Time and Space Complexity

Time Complexity

The time complexity of the insert and search operations in the Trie data structure is O(L), where L is the length of the word being inserted or searched for. The total time complexity, therefore, depends on the number of words and their lengths.

  • The insert function is called for each word in the dictionary. If we assume the dictionary has n words and the average length of the words is m, the total time for building the trie is O(n * m).
  • The search function is called for each word in the sentence. If we have a sentence with k words and the average length of the words is p, then the total time for searching is O(k * p).
  • However, we should consider that searching stops early if a prefix is found, potentially reducing the number of characters checked.
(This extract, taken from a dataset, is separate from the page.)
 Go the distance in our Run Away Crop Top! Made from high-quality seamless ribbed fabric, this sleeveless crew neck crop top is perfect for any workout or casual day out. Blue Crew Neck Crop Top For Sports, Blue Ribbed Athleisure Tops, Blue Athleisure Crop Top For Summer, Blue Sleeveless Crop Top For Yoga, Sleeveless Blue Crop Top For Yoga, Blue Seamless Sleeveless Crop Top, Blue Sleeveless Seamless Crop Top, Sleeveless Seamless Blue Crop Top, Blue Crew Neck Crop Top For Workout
Combining these observations, the total time complexity is O(n * m + k * p), considering both the construction of the Trie and the search operations for sentence words.

Space Complexity

The space complexity of the algorithm includes the space used by the Trie and the output list ans:

  • The Trie data structure uses O(m * s) space, where m is the length of the longest word in the dictionary and s is the total number of nodes in the Trie. In the worst case, the Trie has as many nodes as the sum of lengths of all words in the dictionary. The space complexity for the Trie would then be O(26 * alpha), where alpha is the sum of the lengths of all words in the dictionary (assuming no common prefixes).
  • The ans list holds k words, and in the worst case, each word is not replaced and is as long as it is in the sentence. Therefore, the space required by ans is proportional to the total character count of the words in the sentence.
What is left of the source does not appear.